Although it was almost 75 years ago when on Feb. 19, 1942 President Franklin Roosevelt signed E.O. 9066, which was neutral on its face, but applied only to rounding up & interning nearly 120,000 Japanese American civilians (2/3 were U.S. Citizens) into relocation camps across America — there is still interest today in the injustice done by these camps and relocation of innocent people.
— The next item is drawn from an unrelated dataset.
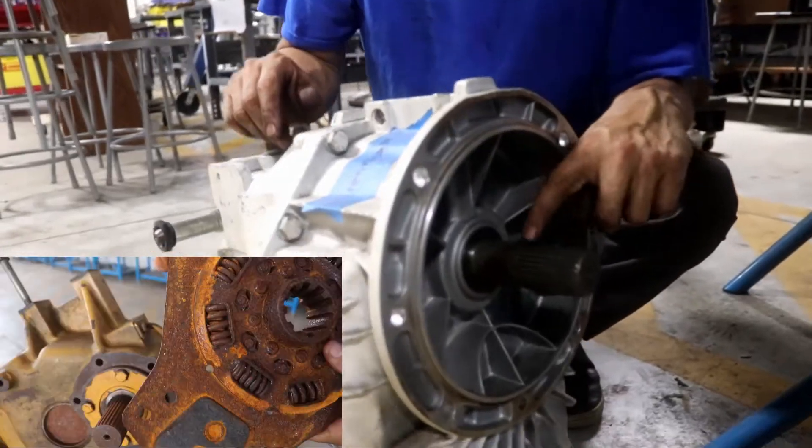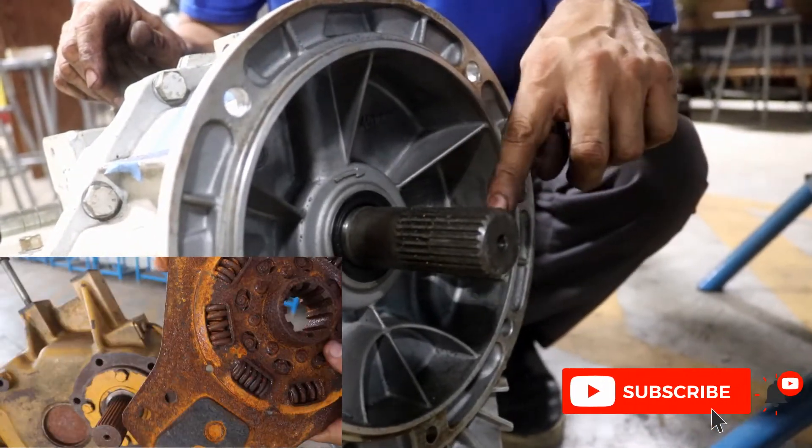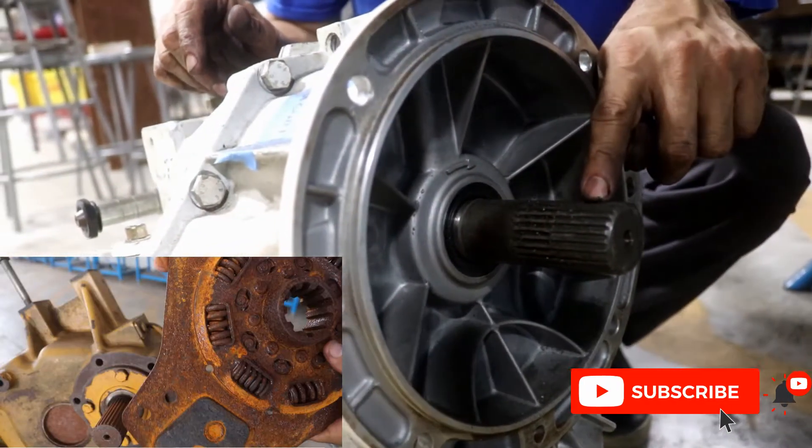This is the input shaft — those splines enter into the hub of the flex plate. That's the input shaft.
My father Francis Sueo Sugiyama was one of those who fled Los Angeles for Chicago in 1942, before the camp round up. (He had just been expelled from USC’s Dental School due to his race).

Event coming up Friday at the Tucson Jewish History Museum (564 S. Stone Ave.), see flyer below: Gallery Chat with poet Brandon Shimoda. “A researcher on this subject and a direct descendant of this history’s victims, Brandon will facilitate a discussion on the wartime incarceration of Japanese Americans in Arizona.”

Jewishmuseumchat

Coming up Sunday Jan. 22 at the Tucson Desert Art Museum (7000 E. Tanque Verde Rd.) is a talk entitled “Baseball Behind Barbed Wire”.

January 22, 2017 1:30 pm
Baseball was immensely important to the Japanese Americans in concentration camps. Bill Staples, author of “Kenichi Zenimura: Japanese American Baseball Pioneer”, will share how baseball helped raise the spirits of those in the camps and also helped with outside prejudice as the camps invited outside teams to play in matches. This event is free in the auditorium. Museum admission rates apply for entrance to the exhibit.”

Speakers:

Bill Staples – author of “Kenichi Zenimura: Japanese American Baseball Pioneer”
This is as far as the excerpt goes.